**Data segment:**
= = = =

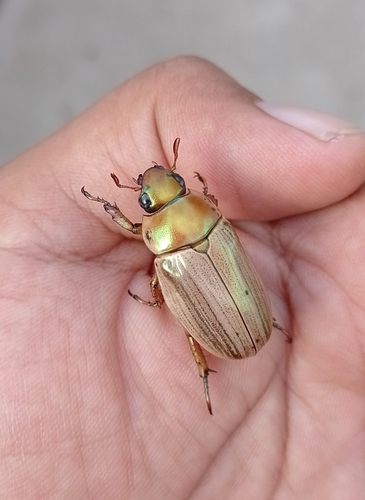Pelidnota virescens (Pelidnota virescens)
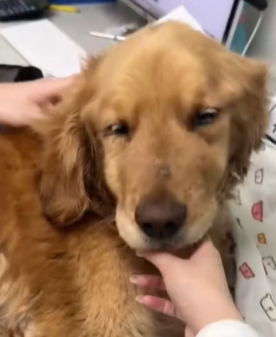 T1611005 Rescue dog.#rescue #rescueanimals #animals #pitiful #loveanimals part2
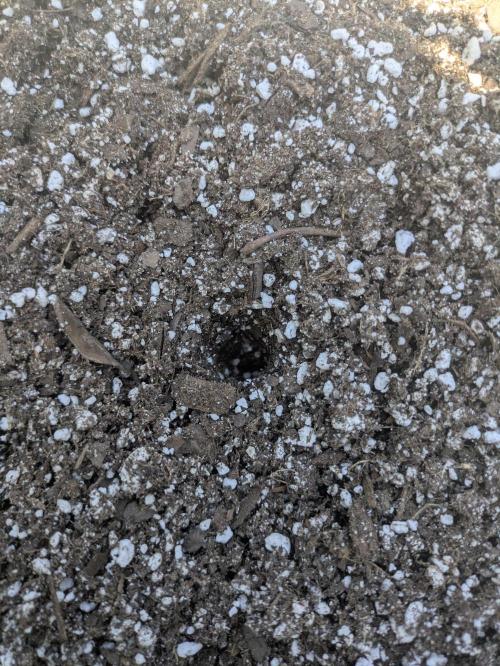1st Outdoor Grow - Mystic Gorilla Auto. Week 0 - Day 1 - Planted the seed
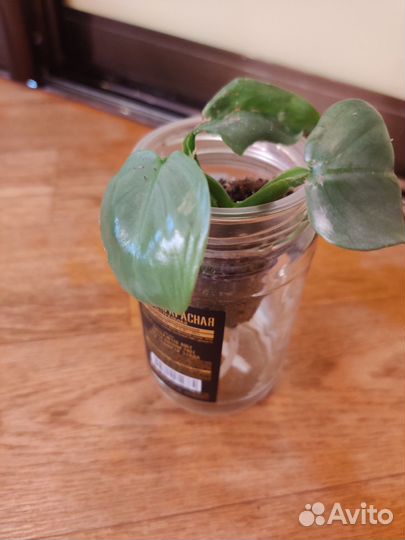 Филодендрон Хастатум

= = = =

**About this task:** Write the data above out again exactly, minus its pictures.

**Written answer:**
Pelidnota virescens (Pelidnota virescens)
 T1611005 Rescue dog.#rescue #rescueanimals #animals #pitiful #loveanimals part2
1st Outdoor Grow - Mystic Gorilla Auto. Week 0 - Day 1 - Planted the seed
 Филодендрон Хастатум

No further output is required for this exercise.